A well-designed asset protection strategy will shield an individual’s assets from the claims of creditors or judgments without engaging in fraudulent transfers, concealment, or tax evasion. In Florida, there are several legal methods an attorney may use to protect assets, including:

Types Of Asset Protection

Tenants by entirety is a special form of joint tenancy ownership which is available only to married persons.

In Florida, ownership of property as “tenants by entireties” or “TBE” affords broad asset protection benefits during the lifetime of the husband and wife and is the quickest and simplest method of asset protection for married persons

However, utilizing TBE solely as a form of asset protection is not recommended for long term planning or for individuals with creditor issues. This is because a divorce between the spouses or death of one spouse can terminate the tenants by entireties status and leave assets exposed to creditors. Additionally, tenants by entireties ownership can create issues for estate planning since TBE property passes outside of probate.

Effective asset protection planners understand how to combine TBE with other asset protection techniques in order to achieve long term stability and peace of mind.

Florida allows for the protection of an unlimited monetary value of homestead property if certain conditions are met.

Homestead protection from forced sale is created by satisfying the following requirements: (1) the property must be owned by a “natural person;” (2) the person claiming the exemption must be a Florida resident who establishes that he or she made, or intended to make, the real property his or her permanent “residence;” (3) the person claiming the exemption must establish that he or she is the “owner” of the property; and (4) the property claimed as the homestead must satisfy the “size and contiguity” requirements, which are limited to one-half (1/2) acre in a municipality or one-hundred-sixty (160) acres outside of a municipality. If an individual satisfies all of these requirements, then they are generally entitled to seek protection of the homestead from a forced sale to satisfy creditors’ claims.

However, there are three important exceptions: (1) taxes, both federal and state, and assessments (including homeowners associations); (2) mortgages; and (3) debts incurred to improve the property (contractor’s or mechanic’s liens). Protection from creditors attaches on the first day a person occupies property with the intent to make it their permanent Florida homestead and there are no specific papers to file or forms to complete. There is a document known as a “declaration of domicile” which may be filed with the court, but this declaration is not required in order to qualify for homestead asset protection.

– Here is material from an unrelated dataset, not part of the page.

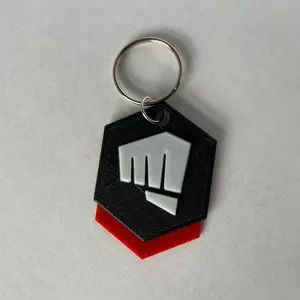 VALORANT 3D Printed Riot Buddy Keychain for gamers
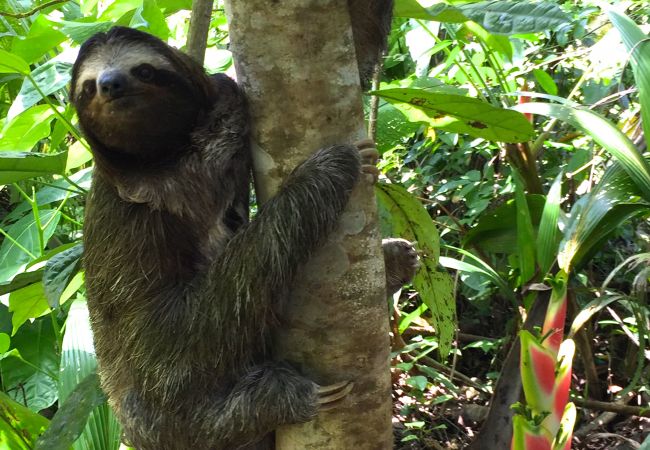 Ferienhaus in Cocles - La Casita  Ferienhaus in Cocles - La Casita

The Florida Statutes contain a number of asset protection provisions including: protection for “head of household” wages; protection of the cash value of life insurance policies; protection for annuities; protection of retirement accounts; protection of disability income from disability insurance policies; protection of 529 college savings plans; and various other miscellaneous limited exemptions. Each statute is different and the procedure for ensuring that proceeds are considered exempt and remain exempt may vary from situation to situation.

At the very least, proceeds from a protected source should be kept separate and not commingled with proceeds from other sources, otherwise the protection my be lost.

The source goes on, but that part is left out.